And the final example:

- You are reading this page on and odds are that you have bought self improvement books or self help ebooks (such as my own Finding Inner Peace by Letting Go).

Well, this is likely to be because you feel a need to learn more about yourself, other people and life so that you may experience personal growth, self improvement and a better quality of life.

This would likely be caused by either the more basic need of development and making full use of your abilities (basic need no. 6, above) or the more basic need for wholeness and unity (basic need no. 7 in the loose hierarchy of needs, above).

You may be motivated by just one of those needs, or both.

How Understanding the Basic Human Needs Empowers You

Why go to the trouble of determining which of the seven basic human needs is at play? Three main reasons:

1) Since our needs are our basic motivators, odds are that anything you feel, think, believe and do will be colored by or perhaps even dictated by your needs.

In other words:

If you're not in control of your needs, then they are in control of you!

2) You need to realize the basic need driving you because your unconscious behavior - caused by the need you (unconsciously) perceive - may be quite counterproductive. In fact it often is. Using two of the examples above being unruly is not likely to get the child the loving attention he or she craves, and nagging your spouse or lover is not likely to get you the love and attention that you crave.

In other words:

If you can't recognize (and communicate) your own true need, you may have a hard time getting it fulfilled.

3) You need to realize the basic need driving you because only when you do can you adjust your feelings, thoughts, beliefs and actions so that you can either ...

a) get what you REALLY want
b) let your perceived need go.

In other words:

Realizing your real need is the first step in dealing effectively with it.

The Hardest - and Most Important Thing to Understand about ALL Your Human Needs

              fulfilling your needs

So, now you've heard about the hierarchy of needs (be it loose like I propose or stable like Maslow proposes) and you learnt why needs are so powerful and you've seen why you can empower yourself by learning to recognize and deal with your basic seven human needs. Now we get to this:

Understanding the most important thing there is to understand about your needs. This thing is also the very hardest thing to understand. I have mentioned it in the beginning of this self improvement article, but I haven't gone into it. So, without further ado, here it is again, in an expanded version:

You tend to THINK and FEEL and BELIVE and ACT as if your needs are absolute (unavoidable and must be fulfilled), but in fact they are relative (flexible and subject to your will).

This fact is true of all your needs, and it is at the core of your personal empowerment.

You DO NOT NEED your needs to be fulfilled! They are within your control, every single one of them.

Finally, there is a huge difference between your BELIEF about your need and the ACTUAL need. Your belief does NOT equal your actual need!
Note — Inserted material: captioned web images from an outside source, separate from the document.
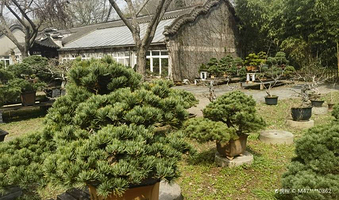 扬州三把刀文化体验区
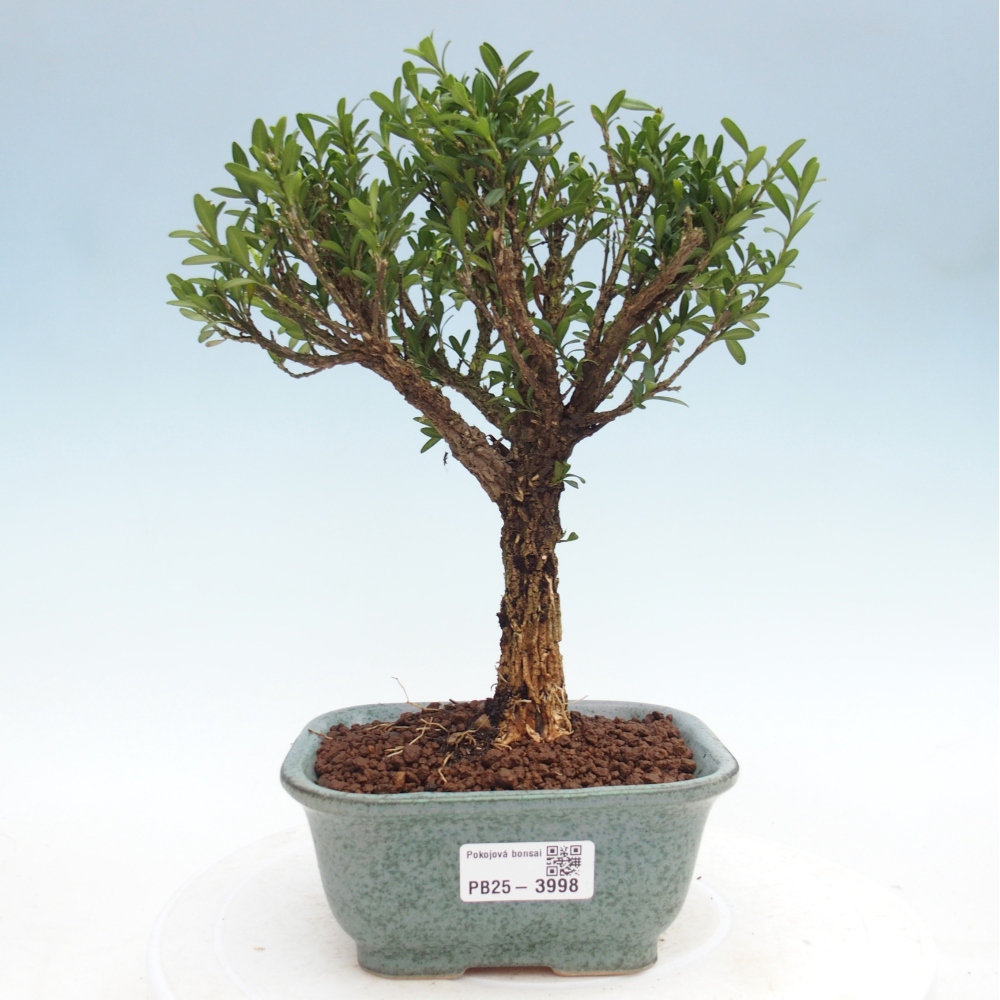 Kamerbonsai - Buxus harlandii - kurk buxus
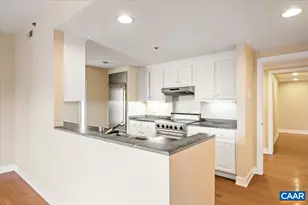 255 E Jefferson St, Charlottesville, VA 22902 - Photo 16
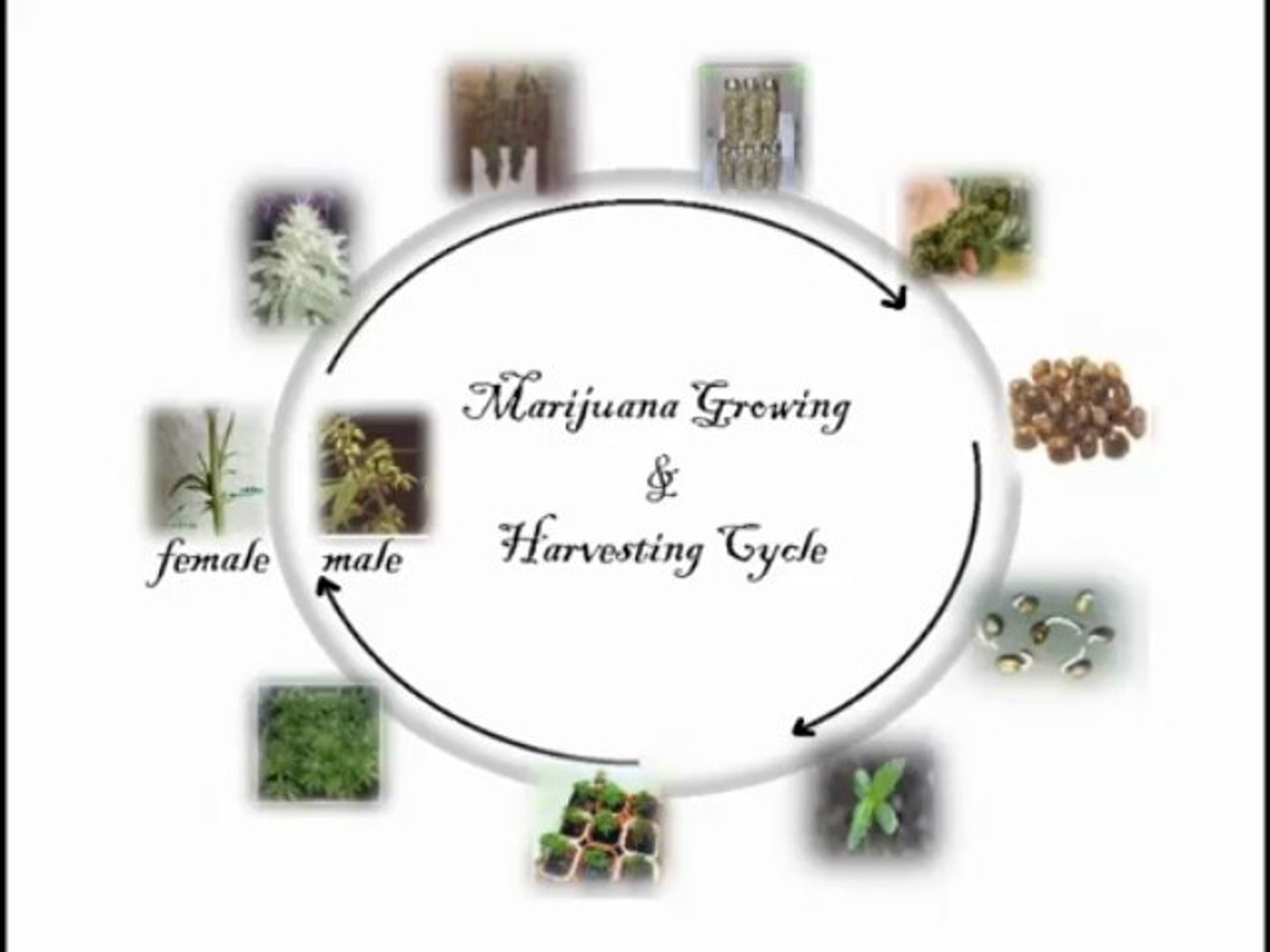 ⁣Grow Marijuana Calendar: Easy Growing Marijuana Tips, Drinks & Recipes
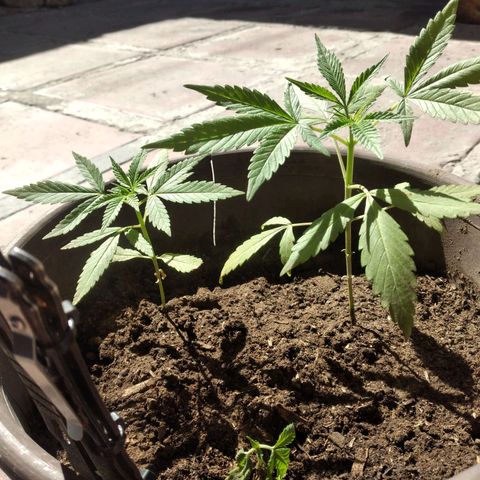 Panteonera kush growlog photo: A lo que parece ya esta muerta la planta pequeña pero la otras 2 van muy bien 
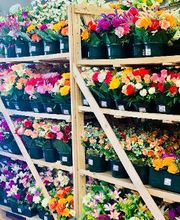 Bricomarché Gattieres image 7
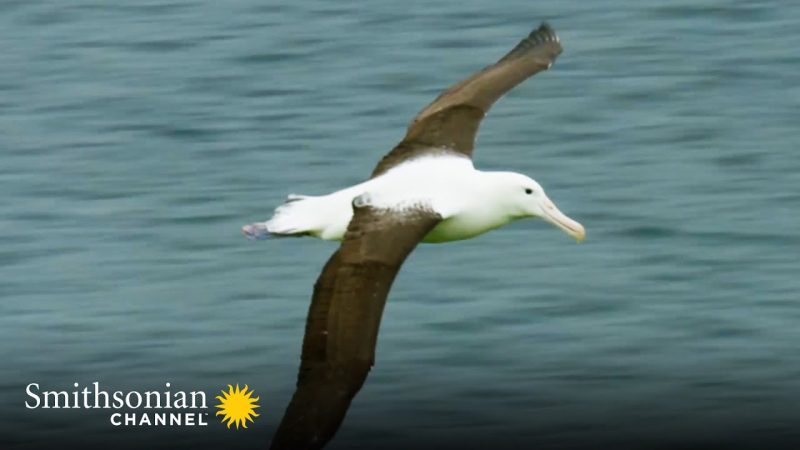 How Long Can an Albatross Fly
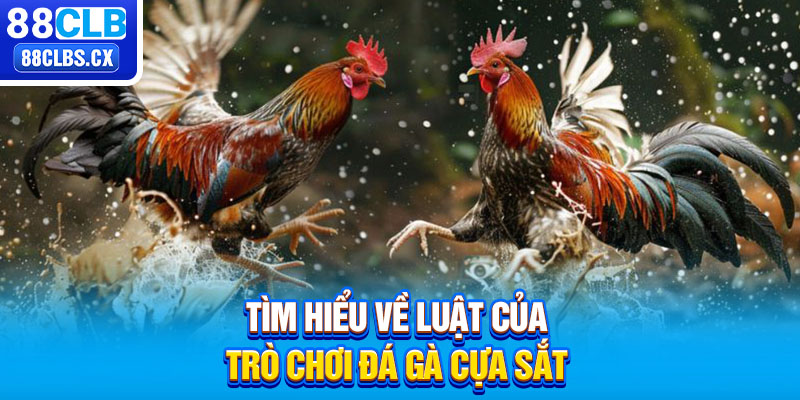 Tìm hiểu về luật của trò chơi đá gà cựa sắt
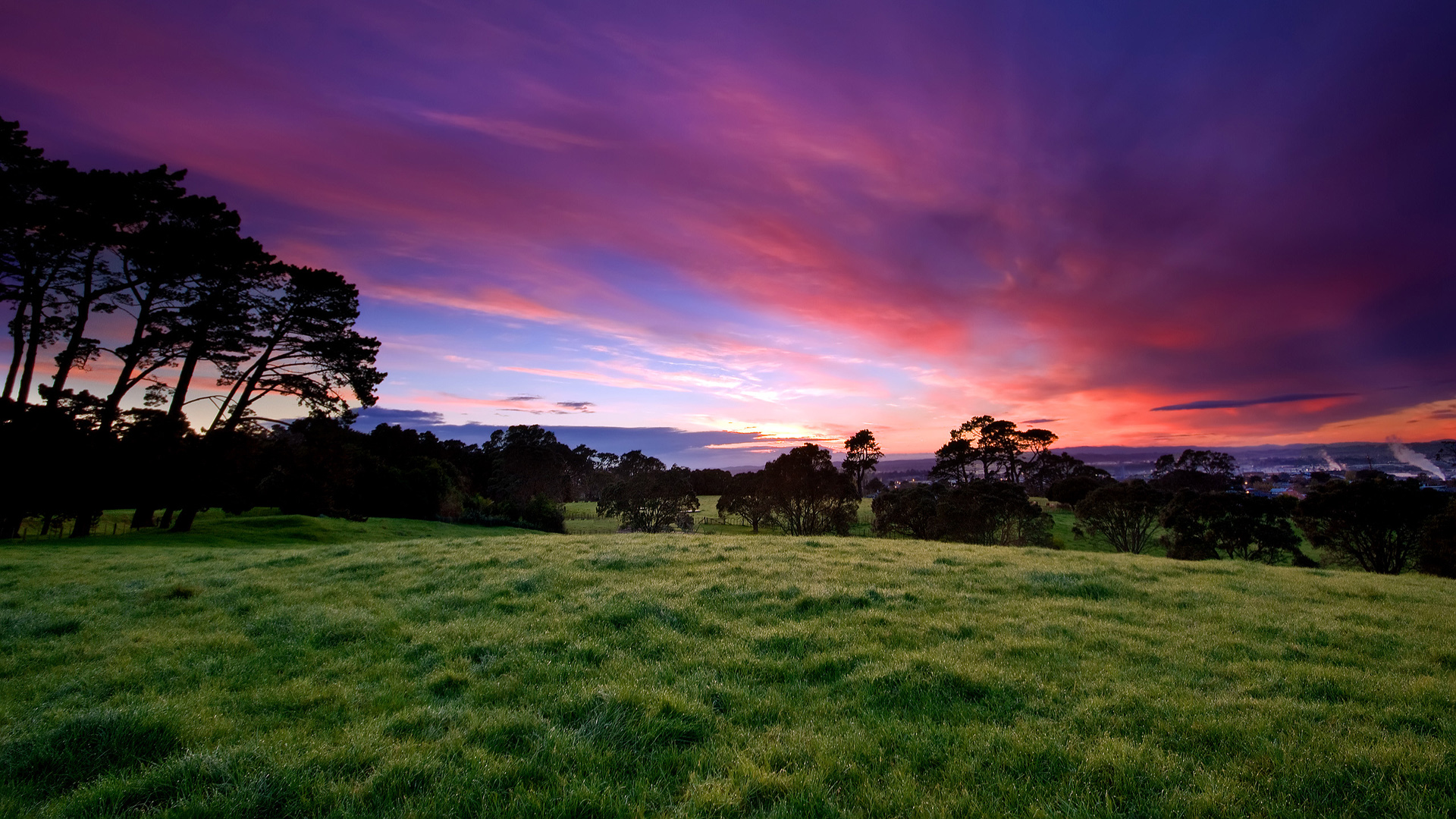 Grass Field Nature Wallpaper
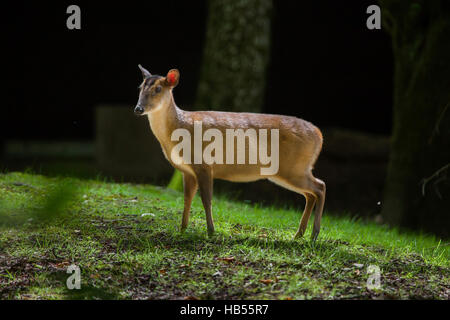 Cinese (muntjac Muntiacus reevesi), noto anche come il Reeves muntjac del. Foto Stock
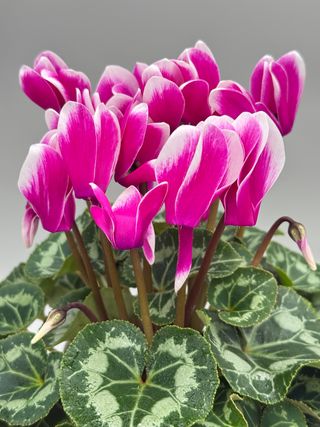 Tianis Fantasia® Violet Fonce' Evolution F1
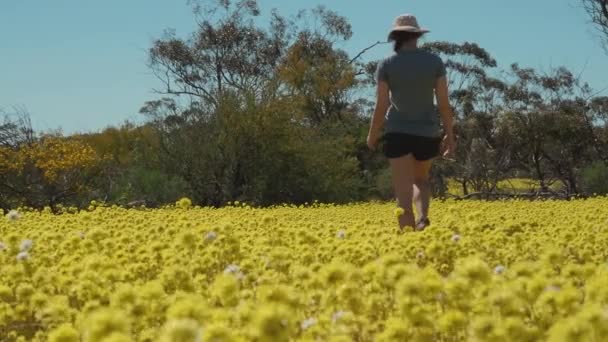 Young Woman Walks Meadow Swaying Pompom Everlasting Wildflowers Coalseam Conservation — Stock Video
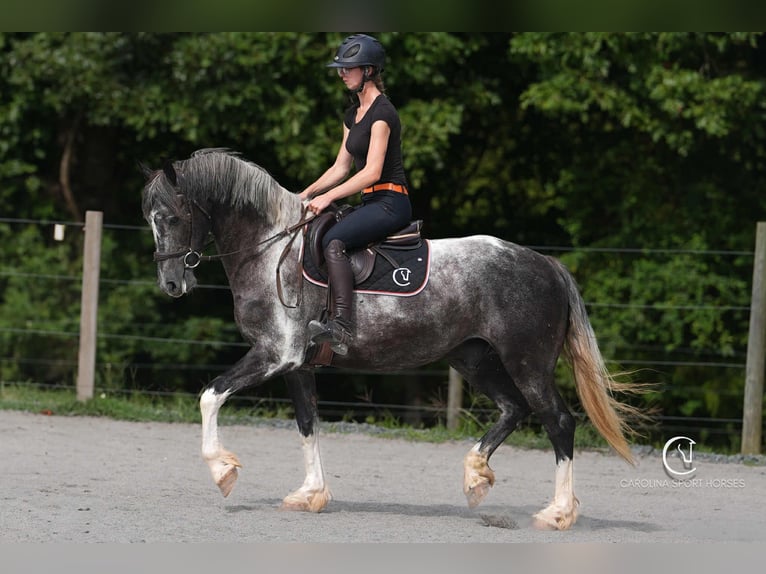 Friesian horses Gelding 5 years 15,1 hh in Clover, SC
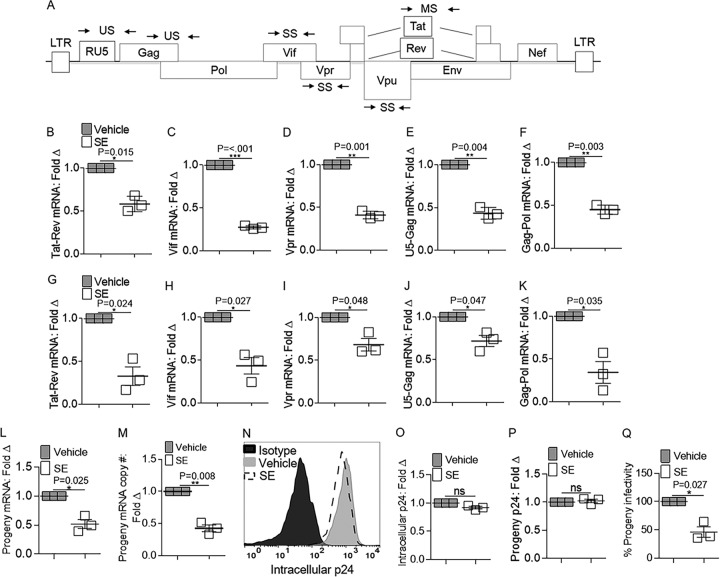 FIG 1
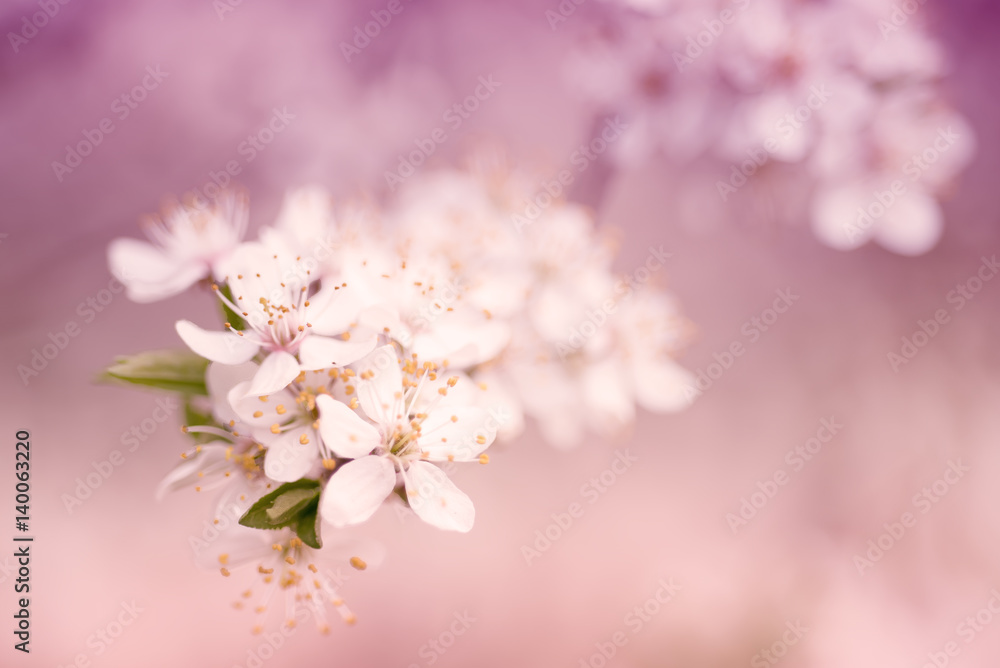 Abstract spring seasonal background with white flowers, natural easter floral image with copy space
On the contrary, compared to the actual need your belief about your need will often be inflated and distorted.

Letting go of your belief about one of your needs is easier than letting go of the need itself.

Realizing all this and acting accordingly empowers you and sets you free.

With the small and unimportant needs you can probably accept that they don't need to be fulfilled. You don't ACTUALLY need that cup of coffee or piece of candy right now. Nor do you need to take the same form of transportation going the same way to work every day. And so on.

With the bigger and more important needs there's a bigger challenge accepting the above (bolded) statements. It is harder to believe that you do not actually need that boring job. And even harder to believe that you don't need to be in control of a lot of things. And even harder yet to accept that you don't actually need sex (or sexual abstinence).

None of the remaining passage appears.